Die Europäische Union hat in EU-Richtlinien festgelegt, wer öffentlicher Auftraggeber ist und weiterhin gereglt, dass diese öffentlichen Auftraggeber die Regeln der EU Richtlinien beachten müssen, wenn sie Verträge über Bau- oder Liefer- oder Dienstleistungen abschliessen wollen, die bestimmte Gesamtauftragswerte (netto) „EU-Schwellenwerte“ überschreiten.

Die Mitgliedsstaaten der EU sind verpflichtet, diese EU Richtlinien in nationales Recht umzusetzten.

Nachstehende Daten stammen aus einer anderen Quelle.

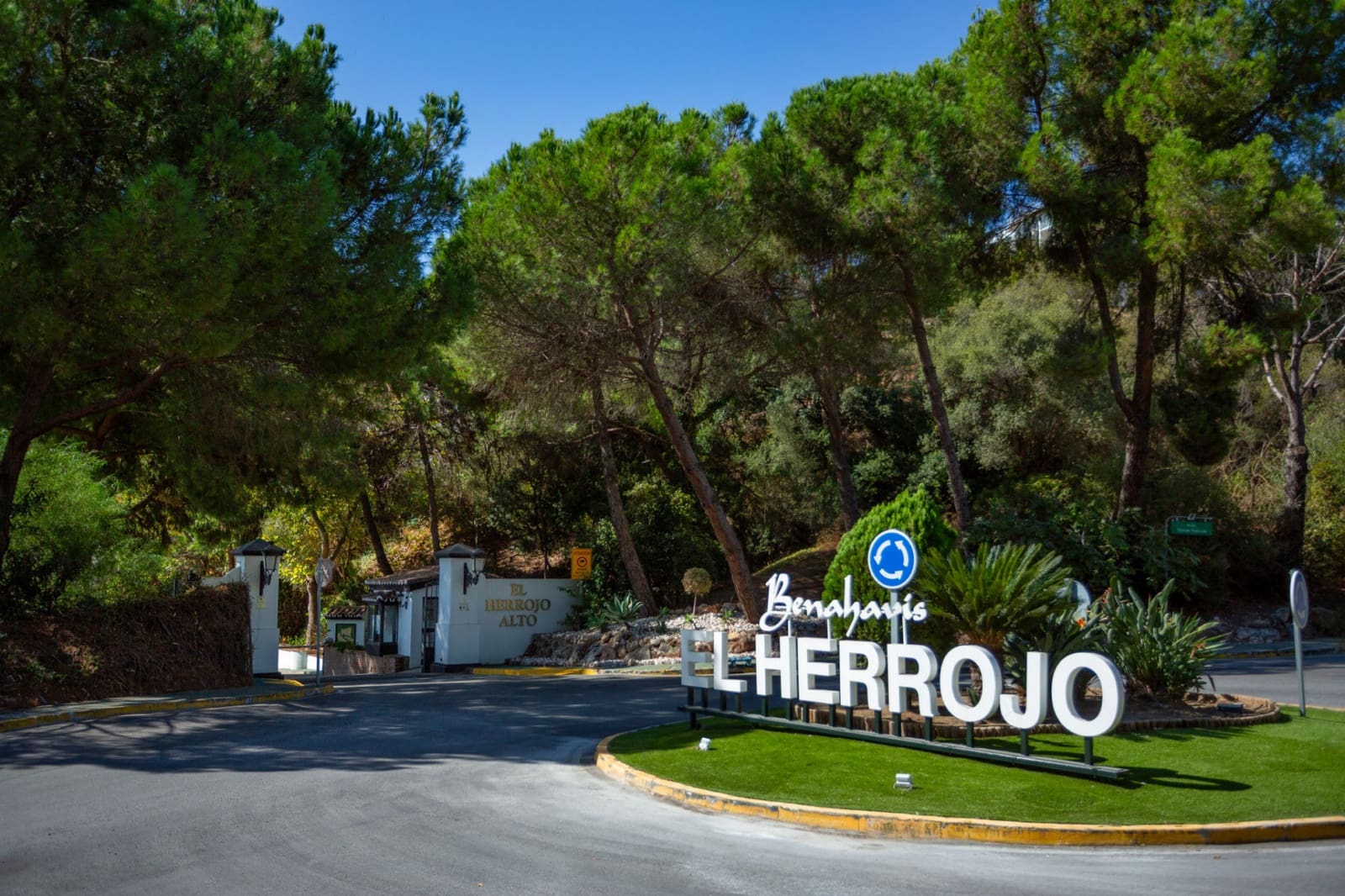 5 sovrum Villa till salu i Benahavis med pool garage - 6 195 000 € (Ref: 9326346)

Die Bundesrepublik Deutschland (Bund) hat mit dem Gesetz gegen Wettbewerbsbeschränkungen (GWB) die EU-Richtlinien in nationales Recht umgesetzt.

Der Bund hat im § 99 GWB festgelegt, wer öffentlicher Auftraggeber ist und Vergabeverordnungen erlassen, die jeweils bei Überschreiten und Unterschreiten der EU-Schwellenwerte zu beachten sind.

Die Anwendungspflicht der Vergabeverordnungen, die bei Überschreiten der EU-Schwellenwerte zu beachten sind, gelten für öffentliche Auftraggeber per Gesetz (GWB). Das sind die sogenannten EU-Vergabeverfahren.

Unterhalb der EU Schwellenwerte gelten für öffentliche Auftraggeber die nationalen Vergaberegeln ihres jeweiligen EU-Mitgliedsstaates, die in der Bundesrepublik Deutschland ebenfalls in Vergabeverodnungen umgesetzt wurden.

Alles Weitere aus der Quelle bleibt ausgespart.